Sono diversi, e in che cosa, i tumulti grillini da quelli della pur ricca tradizione parlamentare italiana?
La risposta è necessariamente ambigua: sì e no. Sono più estesi e diffusi, ad esempio; un tempo tutto avveniva più o meno in aula, con appendici nel Transatlantico, al giorno d’oggi gli spazi di contesa – come li definiscono i sociologi – si moltiplicano nelle commissioni e specialmente dinanzi alle telecamere. L’obiettivo di fondo, il nirvana della guerriglia, è plausibilmente la simultaneità, se possibile in diretta streaming e connessione con la piazza antistante.
Di qui la seconda differenza rispetto al passato. Più che intensa, la baraonda a cinque stelle è e deve essere visibile. O meglio, in un tempo dedicato all’immagine ha tutta l’aria di essere stata allestita secondo una sensibilità eminentemente televisiva. Nella Prima Repubblica nessuno si sarebbe mai sognato di inalberare cartelli, striscioni, bandiere, tanto meno di indossare bavagli e suonare il fischietto.
Va da sé che la pulsione coreografica, per così dire, non riguarda solo i deputati del M5S. In pieno bailamme, per dire, gli onorevoli di Sel gli hanno risposto dai loro banchi intonando «Bella ciao». Non è nemmeno la prima volta che a sinistra reagiscono in questo modo, ma sarebbe comunque molto complicato spiegare a un osservatore straniero non si dice qui l’efficacia, ma anche soltanto il senso di quella canzone, in quel momento, e rivolta a quegli altri deputati e deputatesse.

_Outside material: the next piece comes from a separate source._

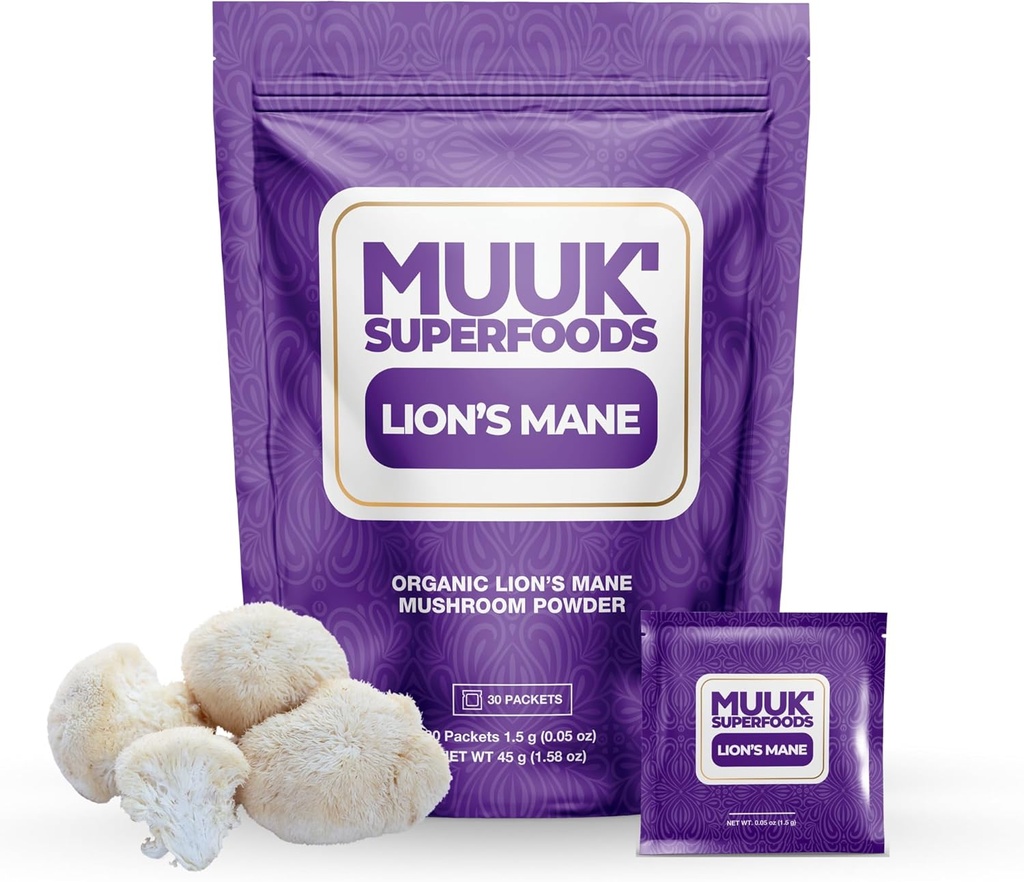 MUUK' SUPERFOODS | Bio Lion's Mane Mushroom Powder | Brain Boosting ON-The-GO Packets | Made in USA | 30 Sachets (1.5g)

A meno di non ritenere, sulla base di altri analoghi episodi, che l’esibizione «spettacolare», molto tra virgolette, e gli aspetti scenici e sonori abbiano ormai assoluta preminenza sullo scontro fisico. A questo proposito, checché se ne dica, i tumulti di questi giorni paiono o forse sono molto meno violenti di quelli vissuti da tre o quattro generazioni di giornalisti parlamentari quando ancora in tribuna non c’erano le telecamere, tantomeno la moviola a disposizione del collegio dei Questori.

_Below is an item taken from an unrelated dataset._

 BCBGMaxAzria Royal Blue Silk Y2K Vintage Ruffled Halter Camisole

Si può anche azzardare che i guerrieri d’aula, ma un po’ tutti i parlamentari, avessero ai tempi assai meno
paura di farsi male. Forse l’attuale prudenza è un effetto positivo della fine delle ideologie. Forse è l’incerta leggerezza delle culture politiche a spingere in direzione della caciara piuttosto che liberare la più fredda e brutale aggressività. Ma nelle «risse che furo» esistevano veri e propri specialisti. Il fratello di Pajetta, Giuliano, era detto «il Giaguaro» per la contundente agilità con cui balzava da uno scranno all’altro, ma anche il gruppo dc disponeva di robusti e rinomati Coldiretti per nulla affatto disposti a lasciarsi intimidire.

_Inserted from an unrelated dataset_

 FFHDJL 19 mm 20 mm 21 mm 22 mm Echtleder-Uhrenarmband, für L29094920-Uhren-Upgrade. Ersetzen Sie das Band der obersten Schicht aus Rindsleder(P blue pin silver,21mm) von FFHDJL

Anche i radicali, che negli anni 70 e 80 erano pochissimi e anche non violenti, mostravano un certo animo e un’indubbia, a volte persino eroica attitudine a far saltare i nervi, specie ai comunisti, ma anche ai missini. Oggi è un brulichio di anonimi personaggetti. Prima erano calci e pugni, ora si tratta di pacche e manate più o meno involontarie, spintarelle, sputi, al massimo morsi.
Vero è che per risalire alle pietre miliari della violenza parlamentare tocca tornare molto indietro. L’ostruzionismo delle sinistre sul Patto Atlantico (1949) e quello al Senato sulla legge truffa. In quest’ultimo caso, la domenica delle Palme del 1953, nel corso di una seduta di cui non fu mai approvato il verbale, la scazzottata durò la bellezza di 35 minuti. Il presidente dell’assemblea, il povero Meuccio Ruini, peraltro subentrato dopo le dimissioni dello spaventatissimo Paratore, fu centrato da un pesante calamaio in testa e prima di cedere ebbe il tempo di esclamare: «Viva l’Italia!». Ma la furia fu tale che vennero brandite le sedie degli stenografi, sradicate e poi lanciate le tavolette dei banchi, così come le aste dei microfoni usate a mo’ di lance.
Ora, non è per addentrarsi su terreni tecnicamente impervi, ma l’impressione è che l’altro giorno, magari per l’effetto-sorpresa, non abbia funzionato troppo bene o che occorresse rafforzare il muro dei giganteschi commessi, di solito impeccabili. Forse lo sfondamento è avvenuto con eccessiva facilità. Forse i questori di un tempo avevano una maggiore tenuta psicologica.
E dinanzi a casi del genere, per quel poco che importa, ci si sente inesorabilmente vecchi, ma il punto vero è che forse il Parlamento è davvero molto cambiato, nel senso che ha perso peso, serietà, gravità, indipendenza, in una parola cultura istituzionale. E non c’entrerà nulla, ché anzi su questi problemi è bene che si torni a legiferare in maniera intelligente, ma neanche a farlo apposta proprio nel giorno della zuffa, passeggiando nel cortile che un tempo ospitava l’aula Comotto, proprio là dove nel 2006 l’onorevole no global Caruso aveva piantato cannabis, un deputato di derivazione leoncavallina si è rollato e fumato una canna.
Tutto è successo così in fretta, anche nei tafferugli. Dall’epopea western alla commedia, fino ai cartoni animati. Oppure, se si preferisce, il tifo dello stadio si è insediato nelle istituzioni rappresentative. In ogni caso la «super-cazzola» evocata dal democratico Di Lello, le monete di cioccolata, i pompini, il perdono del commesso morsicato, l’incongruo «boia chi molla» accompagnano e alimentano il parapiglia. Dalla politica all’isteria il passo evidentemente era breve, ma solo nel caos ci si rende conto di averlo purtroppo compiuto.